Please return all of the entries below exactly as they are written.

Caption-style text data:
·····

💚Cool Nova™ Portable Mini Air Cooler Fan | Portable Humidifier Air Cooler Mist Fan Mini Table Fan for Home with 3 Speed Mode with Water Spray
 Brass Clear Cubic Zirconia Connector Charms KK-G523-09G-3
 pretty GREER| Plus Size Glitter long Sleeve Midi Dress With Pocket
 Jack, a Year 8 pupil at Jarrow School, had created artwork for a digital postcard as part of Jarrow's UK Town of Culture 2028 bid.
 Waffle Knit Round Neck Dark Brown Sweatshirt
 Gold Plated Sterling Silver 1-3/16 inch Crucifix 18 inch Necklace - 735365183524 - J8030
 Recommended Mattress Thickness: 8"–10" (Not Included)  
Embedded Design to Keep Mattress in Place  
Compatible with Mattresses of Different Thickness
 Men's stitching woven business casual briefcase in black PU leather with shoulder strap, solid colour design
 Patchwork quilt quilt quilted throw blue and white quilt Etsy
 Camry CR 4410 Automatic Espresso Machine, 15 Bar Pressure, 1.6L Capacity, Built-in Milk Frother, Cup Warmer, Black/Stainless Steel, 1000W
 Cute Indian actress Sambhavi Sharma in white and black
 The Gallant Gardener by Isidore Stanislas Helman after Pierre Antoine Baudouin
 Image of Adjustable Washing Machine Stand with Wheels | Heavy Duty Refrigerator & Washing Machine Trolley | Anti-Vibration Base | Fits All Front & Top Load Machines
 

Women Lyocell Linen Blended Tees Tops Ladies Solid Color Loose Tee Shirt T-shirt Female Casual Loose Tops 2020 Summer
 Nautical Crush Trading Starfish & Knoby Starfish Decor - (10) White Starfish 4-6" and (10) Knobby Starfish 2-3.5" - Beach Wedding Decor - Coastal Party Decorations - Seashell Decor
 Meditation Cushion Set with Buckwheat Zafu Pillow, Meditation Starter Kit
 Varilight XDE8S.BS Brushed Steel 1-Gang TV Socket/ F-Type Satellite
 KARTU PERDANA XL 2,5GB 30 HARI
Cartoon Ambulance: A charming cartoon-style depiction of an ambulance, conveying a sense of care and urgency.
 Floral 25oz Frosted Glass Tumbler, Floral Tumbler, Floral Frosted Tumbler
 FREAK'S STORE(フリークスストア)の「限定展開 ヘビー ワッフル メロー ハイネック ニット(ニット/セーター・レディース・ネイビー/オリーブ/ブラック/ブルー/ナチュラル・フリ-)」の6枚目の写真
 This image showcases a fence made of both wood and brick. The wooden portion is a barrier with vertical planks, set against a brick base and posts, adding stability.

·····

Response to the task:
💚Cool Nova™ Portable Mini Air Cooler Fan | Portable Humidifier Air Cooler Mist Fan Mini Table Fan for Home with 3 Speed Mode with Water Spray
 Brass Clear Cubic Zirconia Connector Charms KK-G523-09G-3
 pretty GREER| Plus Size Glitter long Sleeve Midi Dress With Pocket
 Jack, a Year 8 pupil at Jarrow School, had created artwork for a digital postcard as part of Jarrow's UK Town of Culture 2028 bid.
 Waffle Knit Round Neck Dark Brown Sweatshirt
 Gold Plated Sterling Silver 1-3/16 inch Crucifix 18 inch Necklace - 735365183524 - J8030
 Recommended Mattress Thickness: 8"–10" (Not Included)  
Embedded Design to Keep Mattress in Place  
Compatible with Mattresses of Different Thickness
 Men's stitching woven business casual briefcase in black PU leather with shoulder strap, solid colour design
 Patchwork quilt quilt quilted throw blue and white quilt Etsy
 Camry CR 4410 Automatic Espresso Machine, 15 Bar Pressure, 1.6L Capacity, Built-in Milk Frother, Cup Warmer, Black/Stainless Steel, 1000W
 Cute Indian actress Sambhavi Sharma in white and black
 The Gallant Gardener by Isidore Stanislas Helman after Pierre Antoine Baudouin
 Image of Adjustable Washing Machine Stand with Wheels | Heavy Duty Refrigerator & Washing Machine Trolley | Anti-Vibration Base | Fits All Front & Top Load Machines
 

Women Lyocell Linen Blended Tees Tops Ladies Solid Color Loose Tee Shirt T-shirt Female Casual Loose Tops 2020 Summer
 Nautical Crush Trading Starfish & Knoby Starfish Decor - (10) White Starfish 4-6" and (10) Knobby Starfish 2-3.5" - Beach Wedding Decor - Coastal Party Decorations - Seashell Decor
 Meditation Cushion Set with Buckwheat Zafu Pillow, Meditation Starter Kit
 Varilight XDE8S.BS Brushed Steel 1-Gang TV Socket/ F-Type Satellite
 KARTU PERDANA XL 2,5GB 30 HARI
Cartoon Ambulance: A charming cartoon-style depiction of an ambulance, conveying a sense of care and urgency.
 Floral 25oz Frosted Glass Tumbler, Floral Tumbler, Floral Frosted Tumbler
 FREAK'S STORE(フリークスストア)の「限定展開 ヘビー ワッフル メロー ハイネック ニット(ニット/セーター・レディース・ネイビー/オリーブ/ブラック/ブルー/ナチュラル・フリ-)」の6枚目の写真
 This image showcases a fence made of both wood and brick. The wooden portion is a barrier with vertical planks, set against a brick base and posts, adding stability.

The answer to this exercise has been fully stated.